[Opening Material shown section]
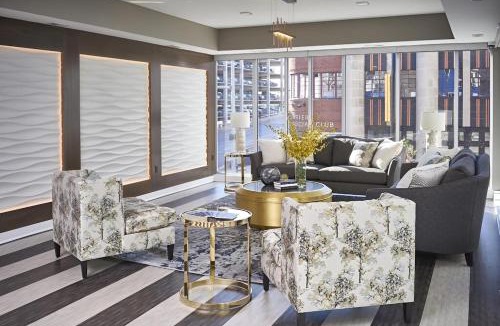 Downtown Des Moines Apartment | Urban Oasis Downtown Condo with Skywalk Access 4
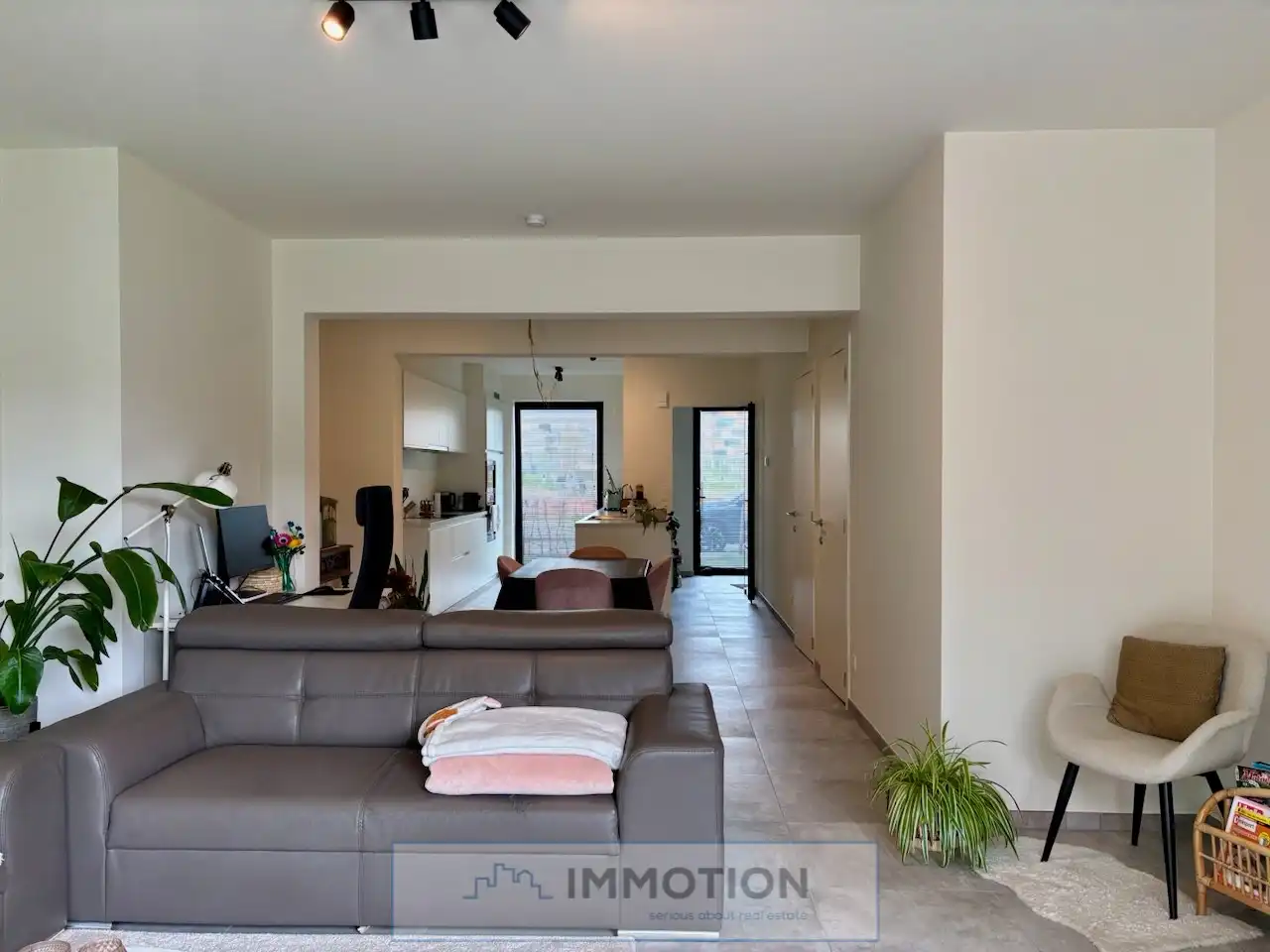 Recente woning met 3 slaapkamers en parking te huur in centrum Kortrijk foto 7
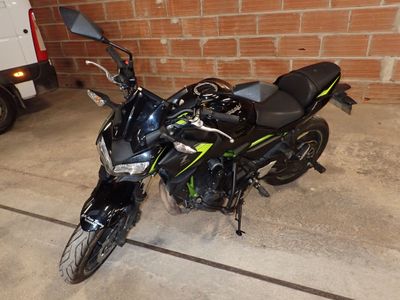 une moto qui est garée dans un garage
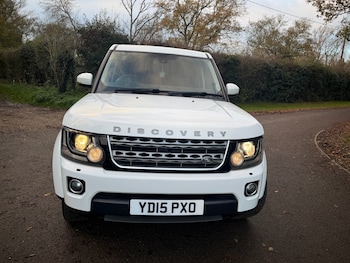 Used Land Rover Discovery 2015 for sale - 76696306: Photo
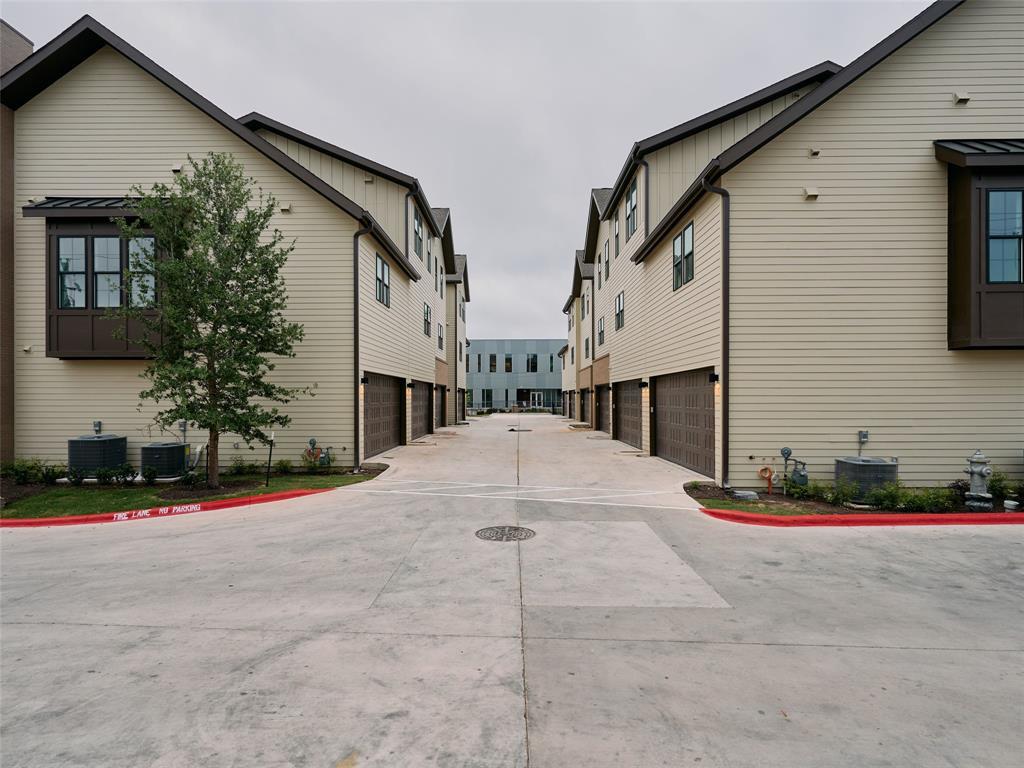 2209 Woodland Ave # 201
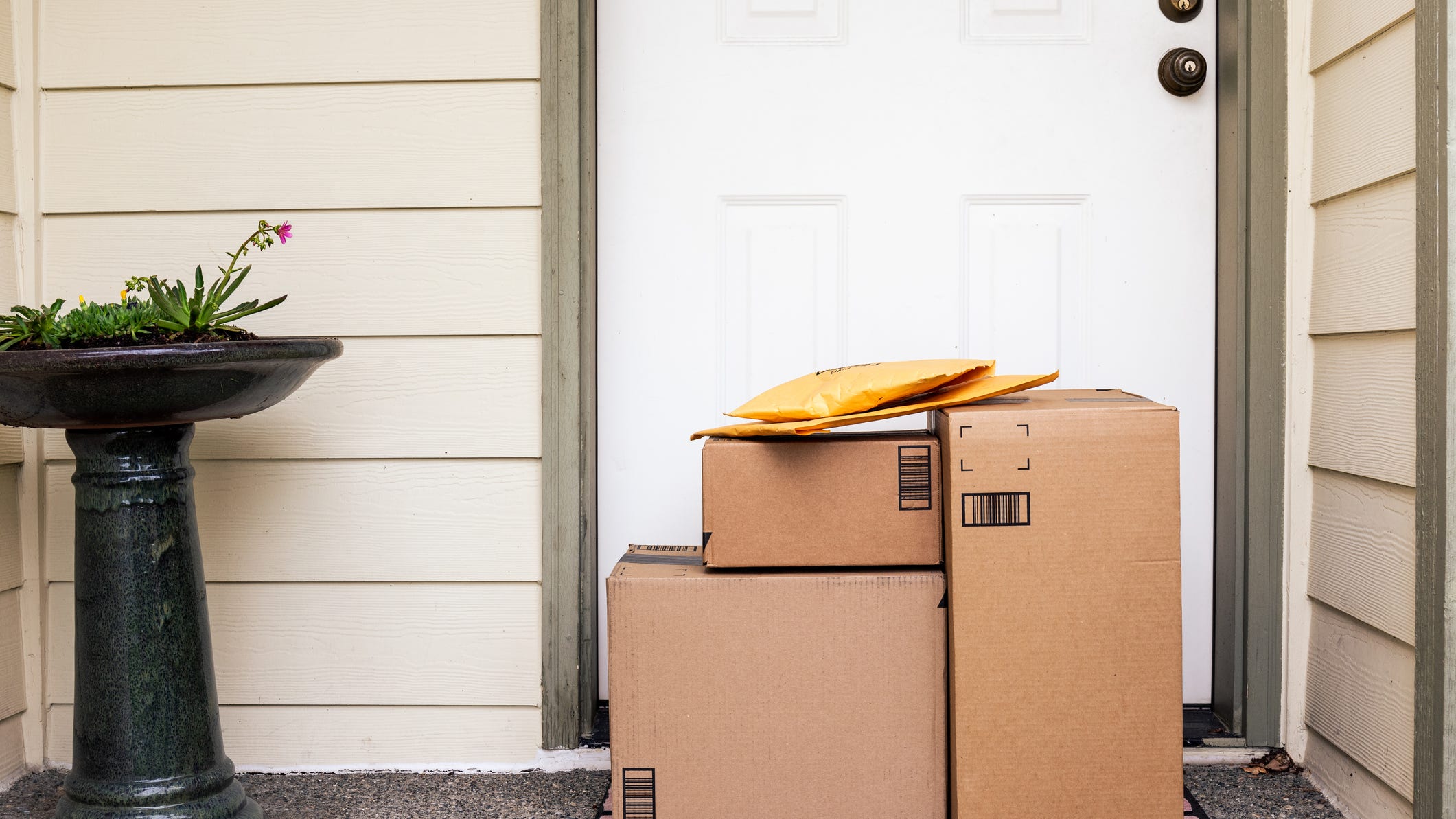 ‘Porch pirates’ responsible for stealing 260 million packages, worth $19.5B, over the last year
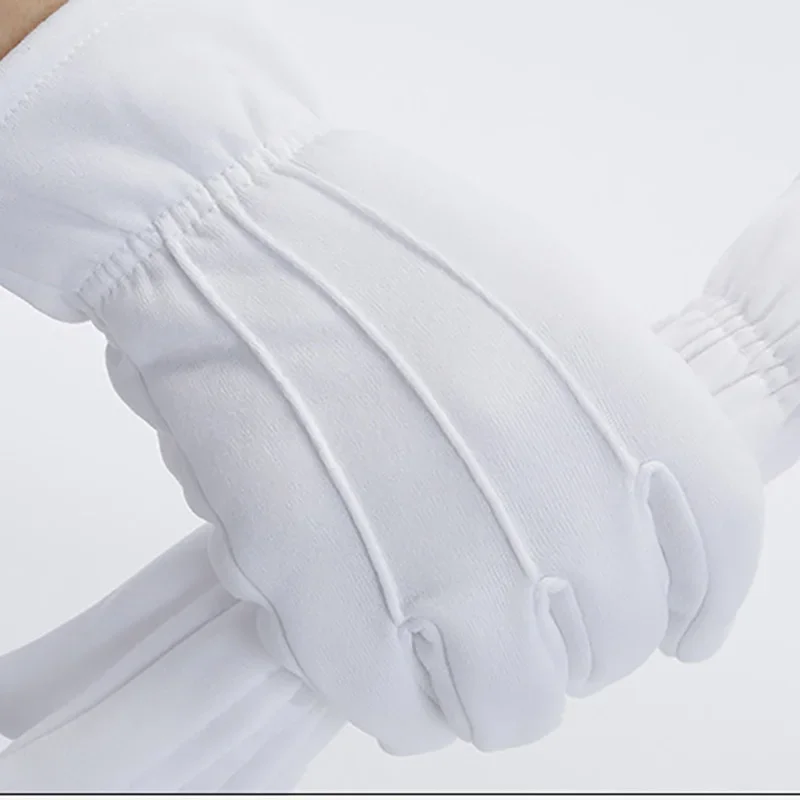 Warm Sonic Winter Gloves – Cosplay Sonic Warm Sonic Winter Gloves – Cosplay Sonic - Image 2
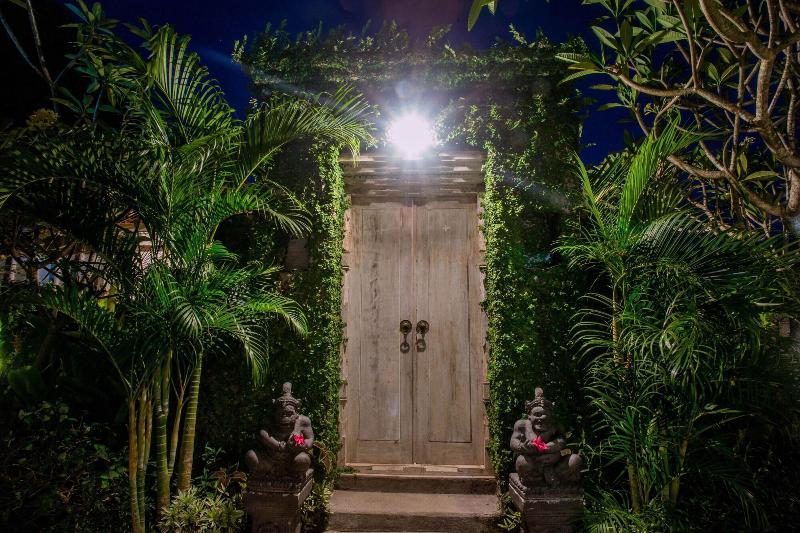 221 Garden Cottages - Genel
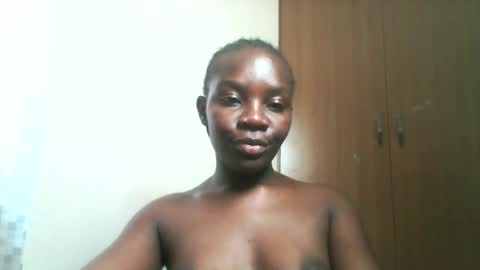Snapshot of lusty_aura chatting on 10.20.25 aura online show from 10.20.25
[Closing Material shown section]
__Problem to solve__:
Write out the records above exactly as they appear, leaving out any pictures.

__Your response__:
 Downtown Des Moines Apartment | Urban Oasis Downtown Condo with Skywalk Access 4
 Recente woning met 3 slaapkamers en parking te huur in centrum Kortrijk foto 7
 une moto qui est garée dans un garage
 Used Land Rover Discovery 2015 for sale - 76696306: Photo
 2209 Woodland Ave # 201
 ‘Porch pirates’ responsible for stealing 260 million packages, worth $19.5B, over the last year
 Warm Sonic Winter Gloves – Cosplay Sonic Warm Sonic Winter Gloves – Cosplay Sonic - Image 2
 221 Garden Cottages - Genel
Snapshot of lusty_aura chatting on 10.20.25 aura online show from 10.20.25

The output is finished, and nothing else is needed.